中学生のころ描いていた勇者クエストという漫画
小学~中学時代にかけて菅波の趣味は漫画を描くことだった。うちのばあちゃんが絵を描くのが趣味で(魚などを描いていた)、筆やペンがばあちゃん家にたくさんあったので、そのなかでミリペンというのだろうか、先端の細いタイプを気に入って自由帳やテスト用紙の裏や算数のノートに描いていた。
当時ドラゴンクエストが流行っていたのでモンスターを倒していく冒険ものを描くのは自然な流れであった。タイトルは「勇者クエスト」。クエストは探求することだから勇者を探す旅になってしまうがその辺は若気の至りとして流していただきたい。自分の世代でもロールプレイングゲームはめちゃくちゃ流行っていて人気タイトルもいろいろあった。しかも時はノストラダムスの大予言が迫る世紀末、子供のなかでは信憑性がある予言とされていたので「巨大な敵を倒して自分が世界を救う」的な感じっていうのはめちゃくちゃしっくりくる世界観であった。
勇者クエストで特筆する点は、小学生の菅波から中学生の菅波にバトンが渡ったときに作品の方向性がえげつなくテコ入れされるところだ。商業誌の漫画やヒーロー系実写ものでもあるが、大人の事情が入ってきて作風が全く変わっちゃう、あれ。
初期の勇者クエストは、ほぼそのままドラゴンクエストをなぞった世界観だ。というかそのまんまスライムっぽい敵が出てくるし主人公もドラクエの主人公みたいに中世風の鎧と剣と魔法で戦っていく。
しかし中学生の菅波はそのファンタジックな世界では盛り上がれなかった。なぜならわが中学校は数は少ないながらもヤンキーたちが暴れ回るリアルでハードな戦場であり、その日常のストレスは初期勇者クエストの牧歌的なファンタジー世界を描いても発散されなかったために、中学版「勇者クエスト」では勇者は説明無く突如中学校に入学し、女性へと極めてナチュラルに(脈絡なく)性転換し、剣を銃にもちかえて教室に突如現れるキモいモンスターを狩りまくる話に変わっていった。

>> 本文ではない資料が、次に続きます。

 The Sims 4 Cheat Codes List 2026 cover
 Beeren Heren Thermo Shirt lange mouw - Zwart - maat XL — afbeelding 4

ストレス発散という目的もあってか、当時が一番画力と気合いがあった気がする。でかい化け物の下に滑り込んで主人公の女子が二丁拳銃で化け物の腹を撃ちまくるシーンなど、当時の画力を超えた名シーンである。
しかし徐々に菅波は作曲に興味がスライドしていき、残念ながら勇者クエストは未完で終わってしまうのであるが。いつか大人版「勇者クエスト」を描いてみたい。異世界系ラブコメみたいになったりするかもしれない。